EXERCISE INSTRUCTIONS:
In the records below, find the line containing "Maserati Men's Bracelet JM218AMD02". Output it and every line after it to the end, unchanged, with no pictures.

[PROVIDED INFORMATION — start]

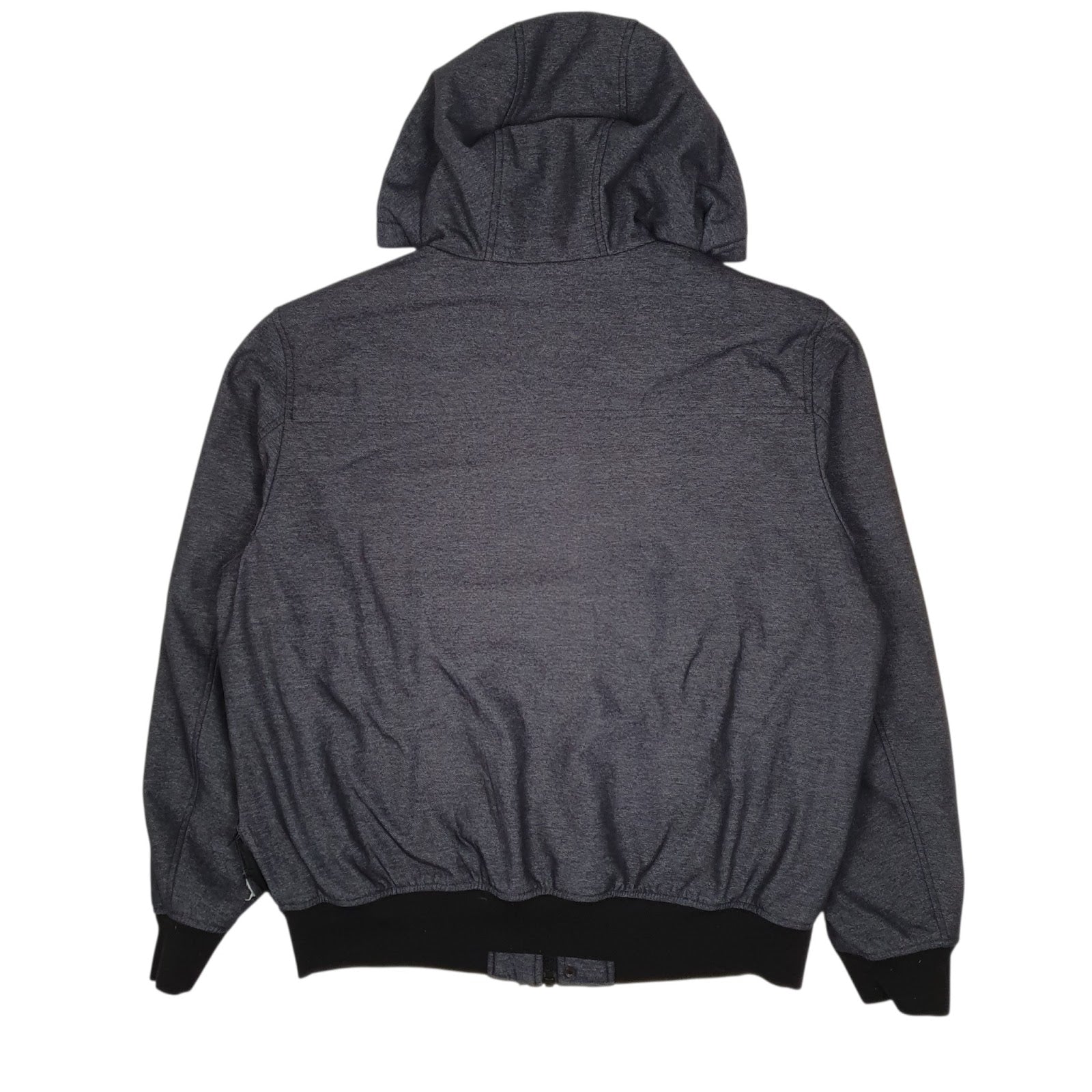 Mens Navy Levis Sherpa Lined Active  Coat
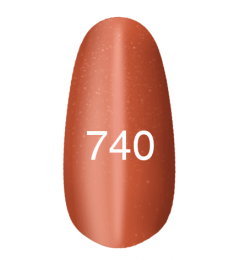 Гель-лак "Moon light" № 740 (8мл)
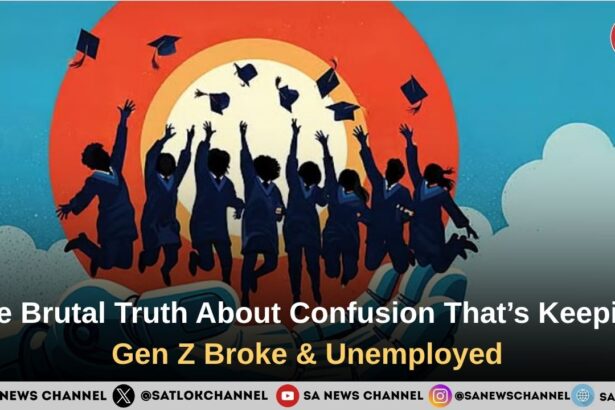 The Brutal Truth About Confusion That’s Keeping Gen Z Broke & Unemployed in 2026
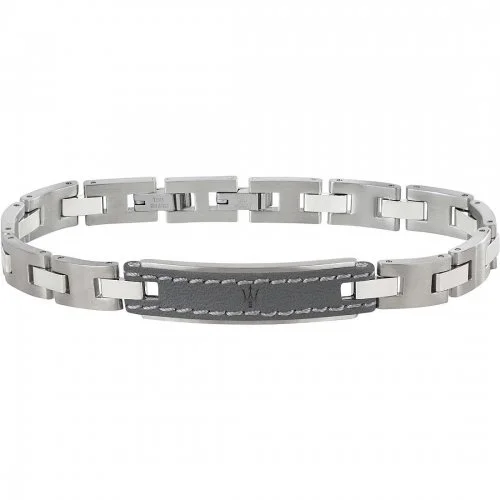 Maserati Men's Bracelet JM218AMD02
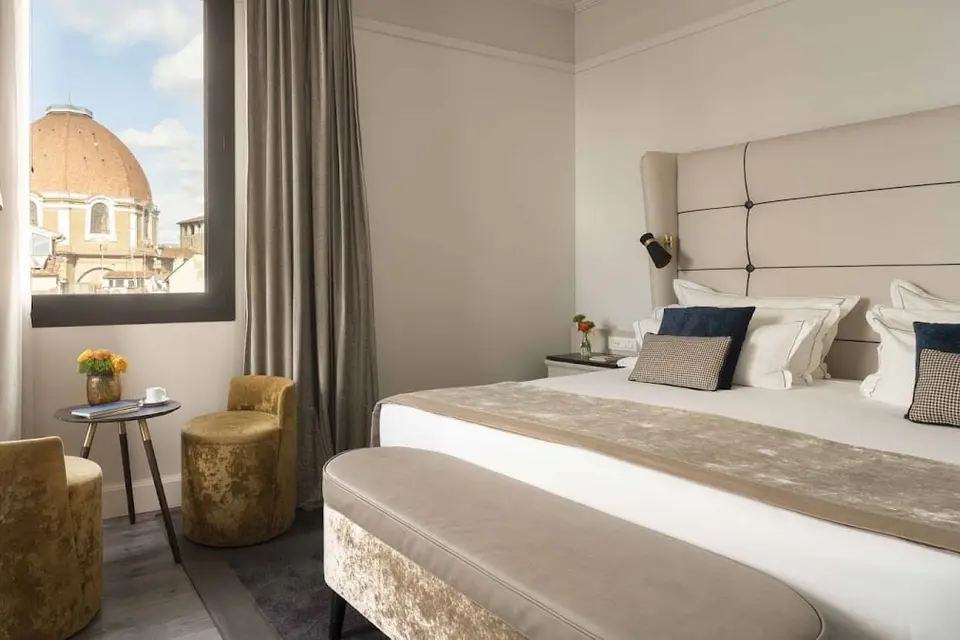 Hotel Cerretani Firenze - MGallery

[PROVIDED INFORMATION — finish]

RESPONSE TO THE EXERCISE:
 Maserati Men's Bracelet JM218AMD02
 Hotel Cerretani Firenze - MGallery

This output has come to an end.